その為、自社に有益な情報だとわかれば、積極的にお問い合わせをしてくるのです。
インバウンド営業のメリット&デメリット
インバウンド営業を実施することで、企業は様々なメリットを受けることができます。
例えば、まず思い浮かぶのが「営業マンのストレスが軽減される」ことです。
セールス職は「辛い」「きつい」「しんどい」とか言われる仕事の代名詞なので、誰もが嫌煙する仕事だと言えます。
しかしインバウンド営業であれば、自ら問い合わせしてきた見込顧客の対応となる為、「罵声を浴びせられる」ことも「不本意な対応をされる」ことも基本的にはありません。
また、営業効率を飛躍的に上げることができるという点も、インバウンド営業のメリットになります。
一人の営業マンでは、どんなに頑張っても1日に100件くらいのテレアポが限界だと思います。
テレアポだけでなく、訪問営業もあるので、それ以上リーチしようとしても物理的に不可能だと言えます。
しかし、Webマーケティングであれば1日に1,000件でも、10,000件でもリーチすることができるのです。
新規顧客を開拓するときも、Webを上手に活用すれば、営業マンを疲弊させることなく広い範囲にアプローチして、問い合わせを多く集めることもできます。
しかし、プロモーションした情報でミスマッチが起きると、全く問い合わせがこないので、この辺りは十分注意が必要です。
そのため、インバウンド営業を成功させる為には、優秀なマーケティング担当者(マーケッター)がいることが前提となります。
インバウンド営業のデメリットとは?
ここまで「インバウンド営業のメリット」について解説してきましたが、もちろんインバウンド営業にはデメリットも存在しています。
例えば、インバウンド営業を社内に浸透させてしまうと、アウトバウンド営業に後戻りすることができなくなります。
人間はラクな方に流れる習性があるので、一度インバウンド営業を経験してしまうと、辛いテレアポ営業や飛び込み営業にはもう戻れません。
この辺りは「インバウンドマーケティングを浸透させることのデメリット」とも言えるので、ある意味では諸刃の剣とも言えるでしょう。
つまり、もしマーケティングが失敗(又は上手くいかない)した場合、以前のような営業手法に後戻りできないので、アウトバウンド⇒インバウンドへの切り替え作業は「セールスの仕組みが崩壊するというリスク」を抱えることになるのです。
インバウンドとアウトバウンドの違いとは?
営業スタイルは様々ですが、2つに分けるとすれば「インバウンド営業」と「アウトバウンド営業」に分けられます。

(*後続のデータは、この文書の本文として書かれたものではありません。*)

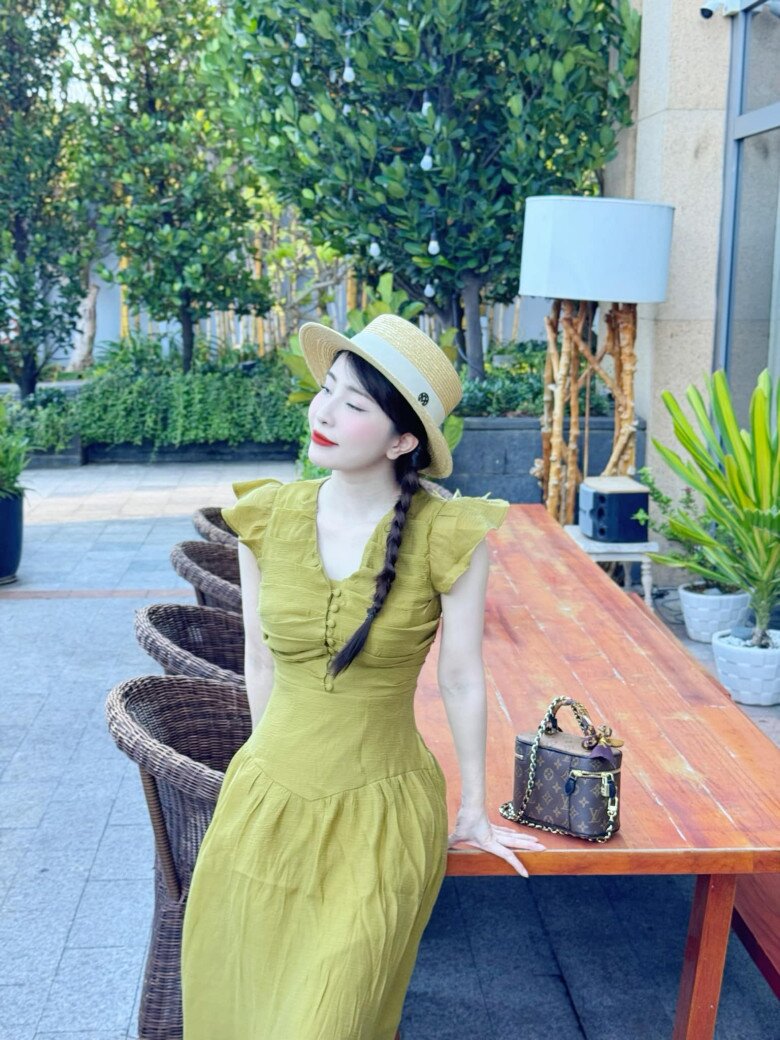 Người tình Việt Anh có nước sa trắng sứ, chuộng mặc style “gái quê” vẫn hút hết mọi ánh nhìn - 8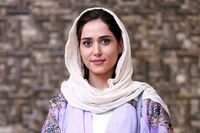پریناز ایزدیار و سارا بهرامی در دریاچه سد لتیان / عکس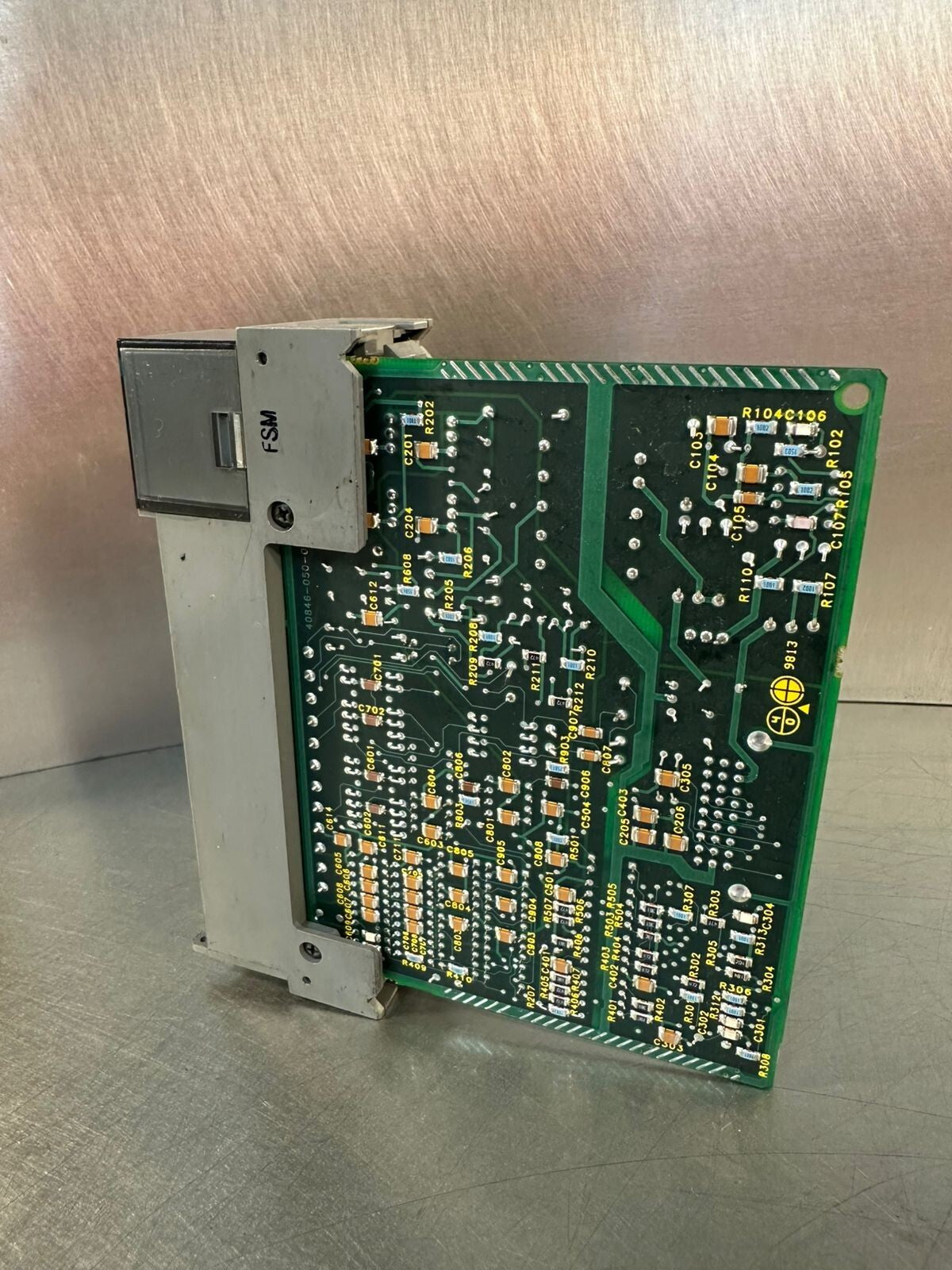 Allen-Bradley 1746-NIO4V /A Analog Combination Module  (4.4.4)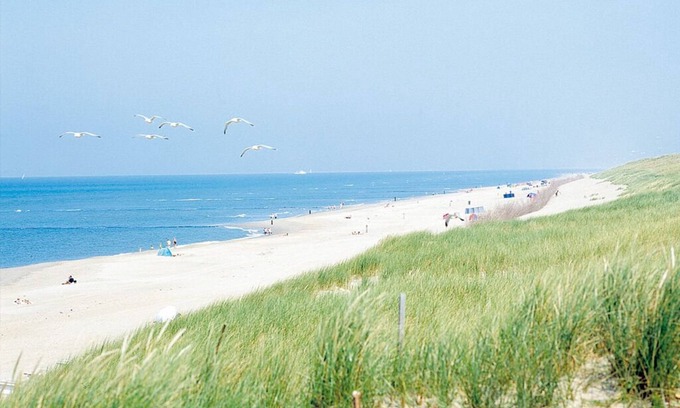 Bergen Hotel | Bergen Getaway | Cozy Haven w/ On-Site Dining | Dunes, Nature & Beach Escape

その中でも、この記事では”インバウンド営業”にフォーカスしてきましたが、一般的な「営業活動」と聞けば、おそらく営業マンが見込み客の元に出向いて、商品を売り込んで、契約を取り付ける、という「旧来型のセールス」を思い浮かべる人が多いと思います。
この従来型の、「自分から積極的に提案するプッシュ型営業」がアウトバウンド営業なのです。
それに対して「相手からの問い合わせ対応をするプル型の営業スタイル」がインバウンド営業なのです。
この二つの違いはインバウンド営業を理解する上で重要なポイントになるので、ここではアウトバウンド営業についても触れていきたいと思います。
アウトバウンド営業とは?
アウトバウンド営業では、テレアポ営業を実施してアポイント獲得することもあれば、不特定多数に飛び込み営業をすることもあります。
とにかく、営業マンから積極的にセールスを仕掛けていくことが重要なので、その手法は問わず、見込み顧客との接点を増やすことに重点を置かれます。
このようなやり方を選択すると、購買ニーズがない相手、つまり空振りのケースが頻発するので、営業の無駄が多くなってしまいます。
なので、押し売り的な営業が常態化しており、商談の場では説得型のセールスが盛んに行われています。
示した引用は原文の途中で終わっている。